Prabunews.com – Kisah Ibu Eny dan putranya, Tiko tinggal di rumah mewah yang sudah terbengkalai viral di media sosial. Tiko diketahui merawat ibunya yang diduga mengalami depresi selama belasan tahun.
Tepatnya di Jatinegara, Kecamatan Cakung, Jakarta Timur, keduanya tinggal di rumah yang tak terawat itu selama bertahun-tahun tanpa listrik dan air.
Ibu Eny diduga mengalami depresi usai kepergian sang suami ke luar kota belasan tahun lalu dan hingga kini tidak kembali.
“Kalau kami lihat (penyebab masalah kejiwaan Eny) mungkin faktor ekonomi, terus pikiran.
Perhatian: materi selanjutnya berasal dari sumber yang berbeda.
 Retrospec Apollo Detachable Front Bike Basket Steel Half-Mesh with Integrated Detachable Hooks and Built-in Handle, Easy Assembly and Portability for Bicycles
Mungkin permasalahan keluarganya. Menghidupi seorang anak, itu mengganggu mentalnya,” ujar Ketua RT 06/RW 02, Kelurahan Jainegara, Noves, Rabu (4/1).
Noves mengatakan, kondisi perekonomian keluarga Eny mengalami keterbatasan usai ditinggal pergi suaminya. Sehingga rumah mewah dua lantai terbengkalai sejak 2010.
Bahkan, Tiko dan Ibu Eny menandah air hujan untuk keperluan mandi dan masak mengingat rumahnya itu tidak ada air dan listrik.
Kondisi tersebut juga membuat Tiko terpaksa putus sekolah sejak kelas satu SMP.
Setelahnya Tiko meminta bantuan kepada warga sekitar untuk bekerja sebagai operator warung internet (Warnet). Ia juga menjual beberapa perabot rumah demi memenuhi kebutuhan hidup.
“Seiring berjalannya waktu, ketika saya jadi pengurus RT, saya tawarkan (Tiko) jadi (petugas) keamanan. Kasihan, daripada keliling, maka kami jadikan keamanan. Sampai saat ini,” kata Noves.
Melihat kejadian ini, Suku Dinas Sosial Jakarta Timur dan Suku Dinas Penanggulangan Kebakaran dan Penyelamatan Jakarta Timur (Gulkarmat Jaktim) mengambil tindakan dengan membersihkan rumah imewah tersebut.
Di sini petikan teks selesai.